Adjust the anchors with the regression values (deltas) to obtain the final bounding boxes.

It uses the standard box parametrization from R-CNN: https://arxiv.org/pdf/1311.2524.pdf (Appendix C)

Args

anchors : torch.Tensor: Anchors generated for each image in the batch. Shape: (batch size, total anchors, 4)
deltas : torch.Tensor: The regression values to adjust the anchors to generate the real bounding boxes as x1, y2, x2, y2 (top left corner ahd bottom right corner). Shape: (batch size, total anchors, 4)

Returns

torch.Tensor: The bounding boxes with shape (batch size, total anchors, 4).

Source code

@staticmethod
def transform(anchors, deltas):
    """Adjust the anchors with the regression values (deltas) to obtain the final bounding boxes.

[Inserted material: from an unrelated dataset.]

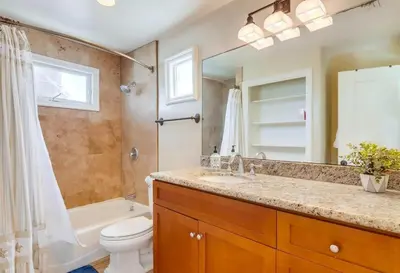 a bathroom with a sink and a toilet and a shower at Sky High in San Diego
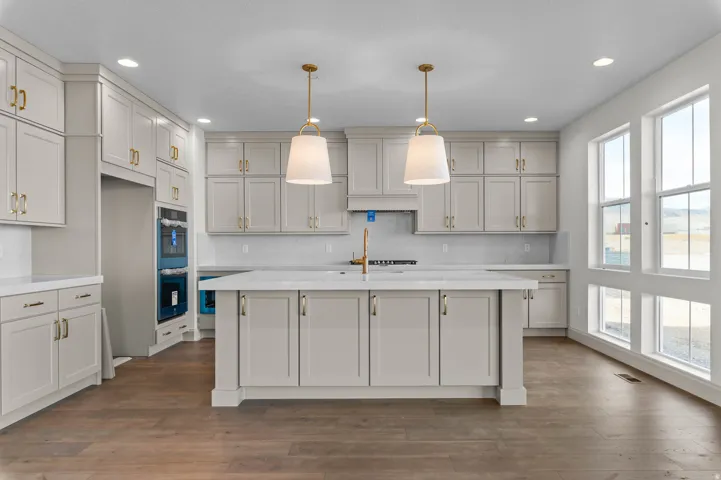 Spacious kitchen featuring an expansive center island, light-toned cabinetry with gold-finish hardware, built-in double ovens, wood-finish flooring, and multiple large windows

    It uses the standard box parametrization from R-CNN:
    https://arxiv.org/pdf/1311.2524.pdf (Appendix C)

    Args:
        anchors (torch.Tensor): Anchors generated for each image in the batch.
            Shape:
                (batch size, total anchors, 4)
        deltas (torch.Tensor): The regression values to adjust the anchors to generate the real
            bounding boxes as x1, y2, x2, y2 (top left corner ahd bottom right corner).
            Shape:
                (batch size, total anchors, 4)

    Returns:
        torch.Tensor: The bounding boxes with shape (batch size, total anchors, 4).
    """
    widths = anchors[:, :, 2] - anchors[:, :, 0]
    heights = anchors[:, :, 3] - anchors[:, :, 1]
    center_x = anchors[:, :, 0] + (widths / 2)
    center_y = anchors[:, :, 1] + (heights / 2)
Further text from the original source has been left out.